Her points were:
Your milk supply may indeed run low if you are:
1) On hormonal birth control
2) Not sleeping with your baby
3) Looking for a schedule
4) Looking to sleep through the night
5) Working full time, possibly stressed.
Well, well, well. Not so optimistic, hey?
My alternatives are taking a larger chance on getting pregnant again, continuing to take unpaid leave, and continuing to make do with a third person in our bedroom waking me in the middle of the night. Makes for a woman who is tired, pregnant and sick again, who cannot get any alone time with her husband. Ah yes, and they are also having a hard time making ends meet. As my sister said, objectively these are actually choices. Kind of grim I think, though. When can I get back to being normal?
See I kind of thought it was a good thing for Yemima to eat more, less often. This woman seemed to think not. Because the more full a baby is, the deeper they sleep, and for longer (isn't that a good thing?), and that puts them at a risk for SIDS, especially if they aren't even sleeping in the same room as you are!
Eden started sleeping through the night somewhere around 5 months I think, in her own room, and somehow I never really seriously worried about her breathing. Yes, she slept on her back, without blankets, and we had an audio monitor to hear her cry. But an actual SIDS risk? We didn't worry, and thank God she's still here.

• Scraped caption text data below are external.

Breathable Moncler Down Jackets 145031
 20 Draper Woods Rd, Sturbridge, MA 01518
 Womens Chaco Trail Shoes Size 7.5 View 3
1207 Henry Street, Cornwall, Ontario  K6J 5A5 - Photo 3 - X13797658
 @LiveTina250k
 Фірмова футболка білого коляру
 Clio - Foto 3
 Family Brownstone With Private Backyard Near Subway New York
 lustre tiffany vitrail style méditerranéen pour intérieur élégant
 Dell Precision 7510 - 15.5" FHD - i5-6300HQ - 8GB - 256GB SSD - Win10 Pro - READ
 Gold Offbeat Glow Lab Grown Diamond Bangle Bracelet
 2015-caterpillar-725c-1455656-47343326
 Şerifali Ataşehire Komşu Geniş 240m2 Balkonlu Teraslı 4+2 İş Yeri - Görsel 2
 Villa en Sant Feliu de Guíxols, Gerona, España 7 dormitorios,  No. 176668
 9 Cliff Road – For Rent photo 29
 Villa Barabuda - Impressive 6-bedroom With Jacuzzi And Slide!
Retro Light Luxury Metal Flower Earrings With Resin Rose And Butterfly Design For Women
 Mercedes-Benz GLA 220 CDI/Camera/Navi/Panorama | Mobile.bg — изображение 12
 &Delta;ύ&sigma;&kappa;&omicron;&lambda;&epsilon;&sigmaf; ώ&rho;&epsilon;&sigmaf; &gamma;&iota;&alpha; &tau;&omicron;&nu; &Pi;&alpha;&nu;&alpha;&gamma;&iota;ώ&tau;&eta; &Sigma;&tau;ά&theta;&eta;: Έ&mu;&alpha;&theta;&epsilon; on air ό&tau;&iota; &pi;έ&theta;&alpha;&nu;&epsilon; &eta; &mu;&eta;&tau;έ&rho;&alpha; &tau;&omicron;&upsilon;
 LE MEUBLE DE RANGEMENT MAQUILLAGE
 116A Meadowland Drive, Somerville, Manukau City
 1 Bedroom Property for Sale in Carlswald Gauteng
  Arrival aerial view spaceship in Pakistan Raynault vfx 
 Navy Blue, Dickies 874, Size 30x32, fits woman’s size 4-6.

The suggestions that she had for me to ensure that I would keep my supply up were to take fenugreek pills (check), and to pump at work whenever I got the chance, and not necessarily on a schedule, since work might indeed get in the way. I can hear that.
I got better advice from this online group that I joined, which suggested that her caregiver offer no more than 4 oz per feeding. Because a bottle takes so much quicker to finish, she doesn't realize that she is full, and just keeps eating, and will then take less from me later on, which will lower my milk supply and I won't be able to pump. Ah, now a strategy! (Although if she is going to eat so much at night that I won't get to sleep...well at some point sleep may become a priority.)
One nice thing about this lactation consultant though: I was totally expecting to make an appointment with her to discuss my questions and get her advice, and pay her for her time. Instead, she spent around 20 minutes on the phone with me for free! How nice! Perfectly long enough for me to decide her advice wasn't really along my lines anyway.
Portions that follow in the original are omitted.